_RECORDED INFORMATION_.
Content starts
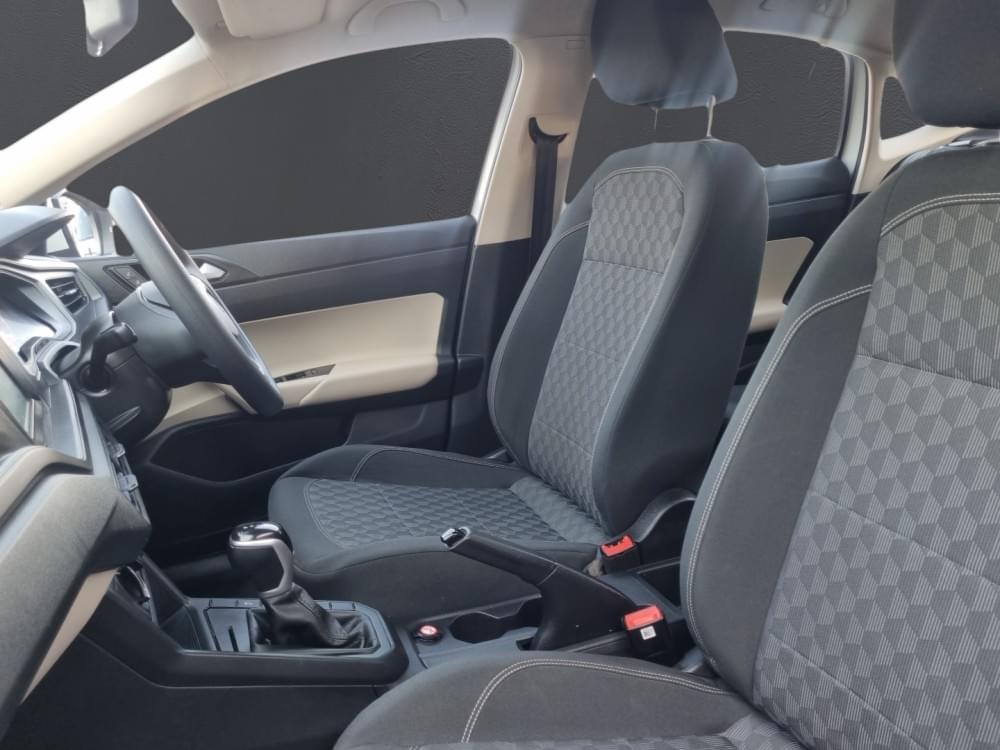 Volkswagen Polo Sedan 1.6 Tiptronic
Content ends
Content starts
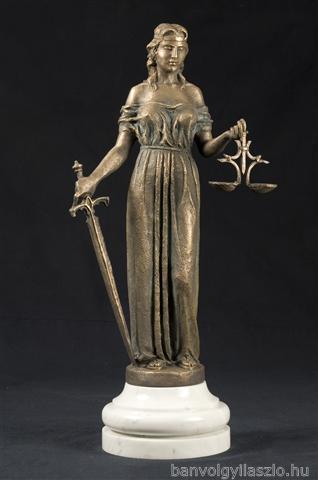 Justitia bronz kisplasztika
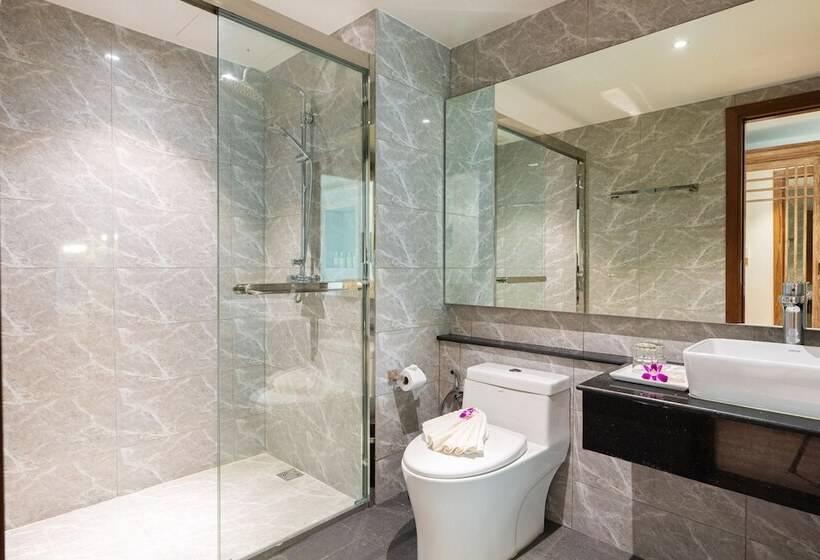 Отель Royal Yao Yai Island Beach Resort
Content ends
_EXERCISE REQUIREMENTS_.
Range to copy from the records above: the line containing "Justitia bronz kisplasztika" to the line containing "Отель Royal Yao Yai Island Beach Resort", both included. Output those lines exactly and only those, skipping pictures.

_WRITTEN SOLUTION_.
 Justitia bronz kisplasztika
 Отель Royal Yao Yai Island Beach Resort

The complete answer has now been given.